The plassas was out of this world. Served with rice. I loved it. Sometimes I went down to the Shell station and ate it with the owner. You could also collect the local gossip: which musungu was sleeping with which black beauty, who was drunk at Pa Kargbo's veranda bar before eight in the evening...

The three-storey flats in which I lived was a self-contained community. Philip Kargbo's radio woke us all up at odd hours of the night and all of us ran down to see the cobra, which lived in the wood-pile behind my flat. Susan, who lived opposite, dumped her baby on me to look after when she had to go somewhere in a hurry and my friend, Fiona, the VSO who lived next door, made groundnut soup for me. It was delicious. She also taught me a great deal about Primary teaching.

Entertainment in a place sans TV or power was inventive. I played board games with Matt for match-sticks and rode pillion with the PCVs to unnamed places. I remember going skinny-dipping in a delightful, isolated, pond somewhere in the bush with one PCV. There was a waterfall and we had to push the tall grass aside with our hands to reach the pond on a motor-bike. We cooked and ate communally many-a-day, mainly cabbage soup and rice. Someone on a trip to Freetown would have brought a precious cabbage back.

Riding pillion was forbidden, but I got myself a helmet and risked being told off. HQ was so far away  and how would they communicate with us anyway?

One night a happy gang of PCVs woke me up at the two in the morning to see the forest fires. I tagged along. At 51, I was twice the age of most of them, but it did not seem to be an issue with those girls and boys. They were fun and non-judgemental in all matters. They always found new ways to have a good time.

The PCVs looked after me. They asked me along to fourth-of- July celebrations and spontaneous song sessions. They were talented and original. One designed a fish- breeding pond; several created prosthesis for children with damaged limbs. In Makeni they created swings and climbing frames for the children near by.

On the 25th anniversary celebrations they made me an honorary PCV. I was very proud that day.

I have been in other African countries since, living and doing similar work. More 'developed' some of them. But I have never been happier anywhere else. Now, at 78, I long to go back to SL and wonder how Makeni is now, how the College is and how , above all, my SL friends are.

What a country and what a people!

Sunday 22 December 2013

Tiny Communities

There wasn't much of a choice. Our little world had to be small:

   There were about four buses a day plying between Kunnoor and Kuthuparamba. If they went further north - or south - none of us really comprehended such distances by bus. If you needed to go to Vadagara or Kanjyankadu, you thought hard and wondered how far the train would take you.

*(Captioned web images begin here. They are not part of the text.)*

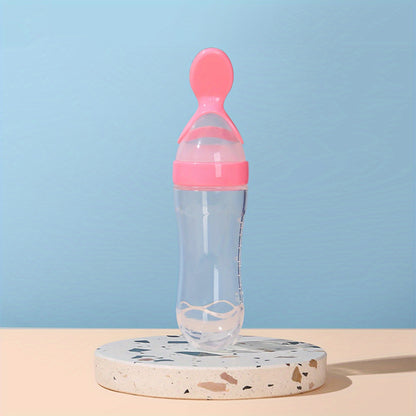 Biberon Cuillère en Silicone – 90ml / 3oz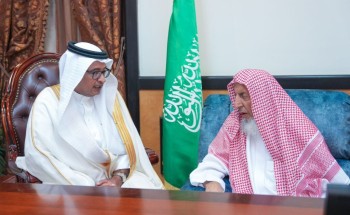 أمين الطائف يزور سماحة المفتي العام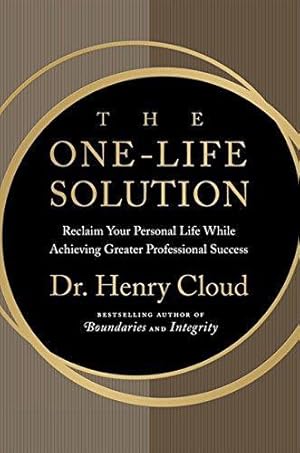 Seller image for One-Life Solution, The for sale by WeBuyBooks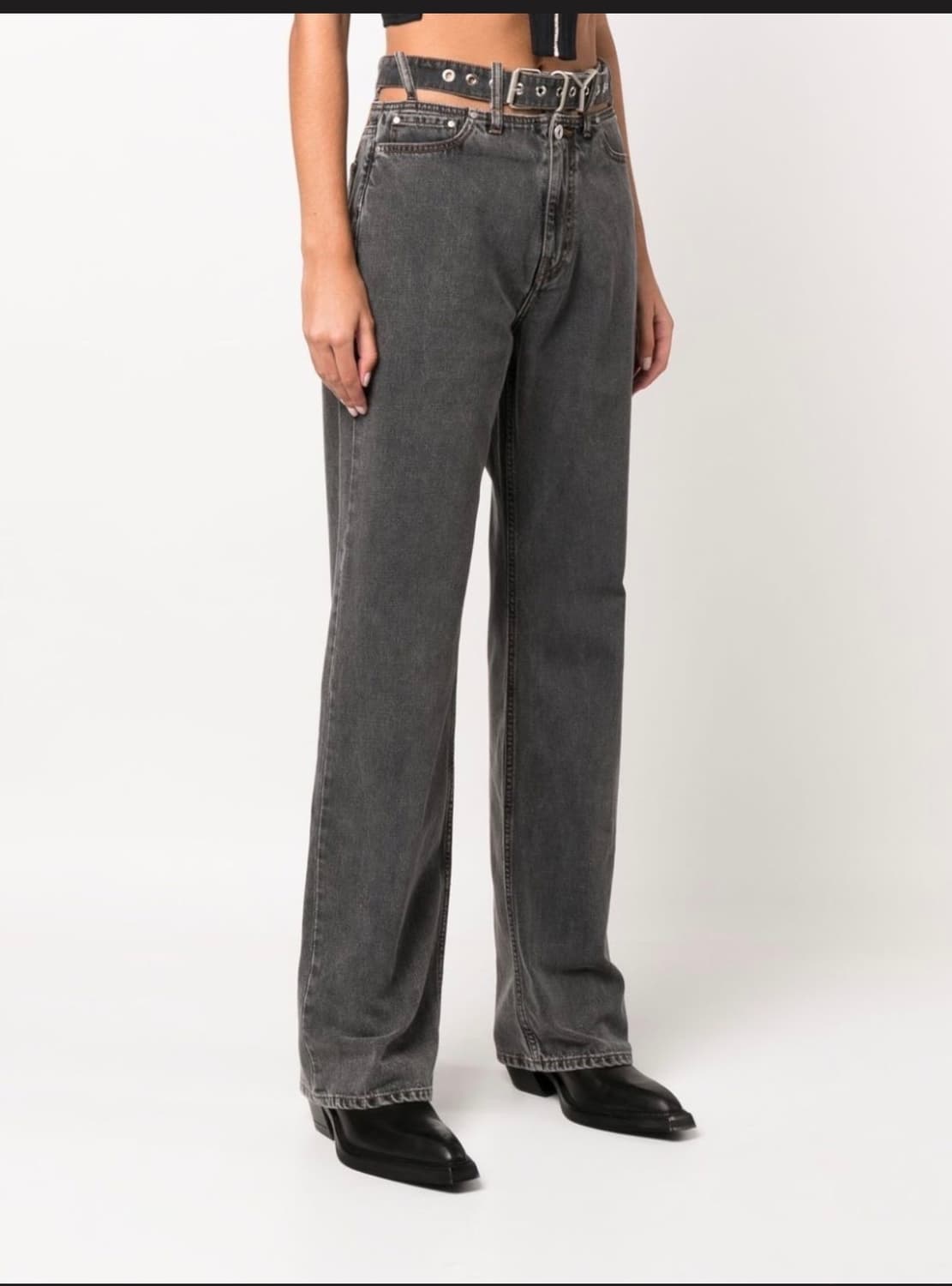 와이프로젝트 진 스트레이트 진 상품이미지2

   To go to Maliyil house, which I sometimes did, with Damuettan directing proceedings (I bet he still does that, given half a chance), you had to do some serious planning. Bus? How much walking if you went by bus? Or train? Again, could we go the distance on foot?  

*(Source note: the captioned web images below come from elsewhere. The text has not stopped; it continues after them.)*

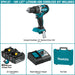 Makita XPH12T 18V LXT Compact 1/2" Hammer Driver-Drill Kit (5.0Ah) - 3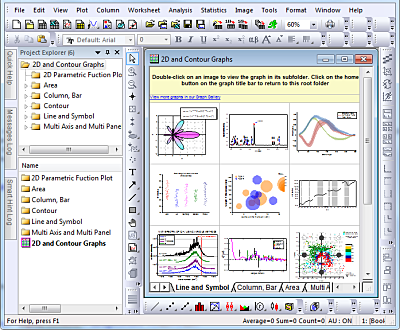 OriginLab - Origin and OriginPro - Data Analysis and Graphing Software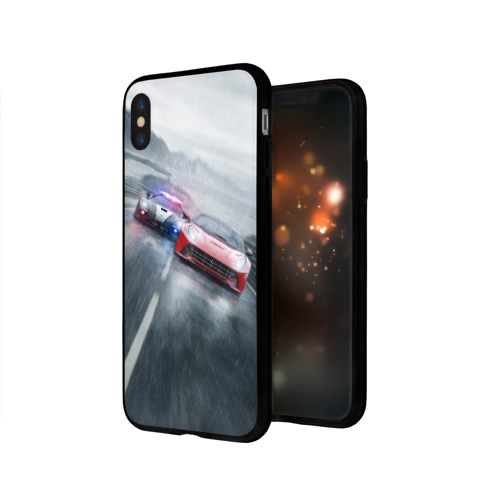 Чехол для Apple iPhone X силиконовый глянцевый NFS Фото 01 Чехол для Apple iPhone X силиконовый глянцевый NFS Фото 01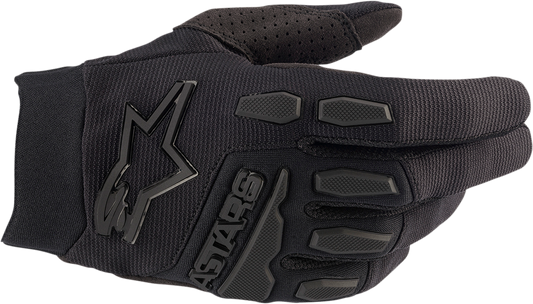 ALPINESTARS Full Bore Gloves - Black/Black - Large 3563622-1100-L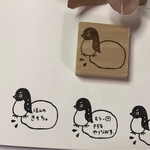 ペンギンさん、水溜りに、ピチャ。momochin55様専用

   In our house, our world was a microcosm containing just a few households. And we knew everything about them. The people even had the same names. We hadn't yet tapped that vast directory of north Indian names, all of which got amputated at the end. For instance Shankar, insteady of that nice dignified Shankaran. Sometimes it got to Sankarankutty too. Bliss!

   We had a Madhavi, and a Nani in our house. Next door, the two sisters were also called Madhavi and Nani. A few Ammus were scattered in the mix and a few Rohinis, mainly in the Thiya community.

   All of us had similar homes, some thatched, some partially tiled, others fully tiled like the rich Muslim houses near by. Mukkattil was such a house slowly decaying due to lack of care.

   None of the women had got beyond basic Malayalam literacy. So the only people with books were the lawyers on the road. They had impressive tomes called Law Books. In addition, my father actually brought home books to read for pleasure. To this day many of my friends in India are surprised at my library in Kochi.

   All the things we needed to buy were within walking distance at the turn of the road, near the Civil Courts. A dry goods man, who was also our neighbour, a tearoom owned by another neighbour, a tailor on our doorstep in a veranda room, a corner shop run by Mammadu for coconut oil or salt in a hurry.

   If someone got ill, the whole neighbourhood held their breath, while the native Vaidyar came and went. The 'doctors' were only called in-extremis. Children wandered around from house to house and adopted sisters and families. Mani, my cousin and I, adopted the house behind ours and all in it. They baby-sat, bathed us sometimes, took us to their temple and made jasmine garlands for our short hair.

   When my father was in jail, gifts turned up from many houses. Sugar, kerosene, sweet-meats; this was their way of showing solidarity.

   School was the limit of our world. A sparse world, but then all the houses were like that. There was nothing for display and nothing wasted. Even the beggars were local beggars; they knew when the mid-day meal was eaten in our houses and when alms would be distributed.

   Education as a given arrived with my generation and that was when the world expanded and we glimpsed imaginary lands.

This Brave New World

Recently I took the extreme step of surrendering my head and hair to a hair-dresser. Haven't done that in years.

   She worked on it for a long time, repeatedly saying, 'There is so much hair.' I felt I should tip her extra for the hair I had. 

   I insisted that she should not blow dry my hair. But, of-course, she was on auto-pilot and blow-dried my hair to hell and back. I emerged looking as though I had straw for hair. I went straight home, put olive oil on it, and washed it again. The hair stayed straw-like or a long time.

   So, one day, I says to my daughter. 'How do people with sparse hair get volume in it?' She said, 'Oh, there are creams and stuff. And they don't comb it to perdition like you do.'

   Of course. This is a definite trend of this decade. Very few women under sixty comb their hair. They are all promoting this sophisticated, disarranged look. Some succeed more than others ending up by looking merely untidy. When I see this I have a strong urge to find my bottle of coconut oil.

   Then there is the stance. Always slightly bent forward, head down, peering into a small screen of some sort. Soon they will discover a new 'app' (sounds like baby-food.) to straighten the necks of all ages and groups.

   In the sitting room the conversation has died. The concentration on the little screen is so complete, no one hears any one say anything. No one has time for conversation.

   Is thinking a casualty as well?

   In India there is much talk of the Aam Admi Party and the eradication of corruption. Now that's an ailment of long lineage and can withstand many aniti-biotics.

   Corruption is not restricted to politicians. What about contractors, engineers, judges, schools??? That little 'contribution' when you register a child in nursery school? What's the other name for it?

   I remember a group of defendants in a murder trial visiting my home at midnight. With one lakh rupees in bank notes in a small bag. I was ten years old. Their purpose was to persuade my father, who was then a Public Prosecutor, to go easy on the defendants. When he refused to collude with them, they threatened him. He was trembling with anger long after they left. I was scared for him.

   There was not much to get corrupted for then. Most houses had nothing beyond absolute need. We had no sofas, no wardrobes, no big mirrors... Achan shaved in a little mirror nailed to the pillar on the veranda. There was so little to buy in our reach that we did not think of it.

   I believe corruption is spawned and nurtured by the culture of too much to see and buy around you. I would love to go back to a more simple life. But then, I'd have to borrow a laptop. Mmm...

   I think the landscape has changed forever.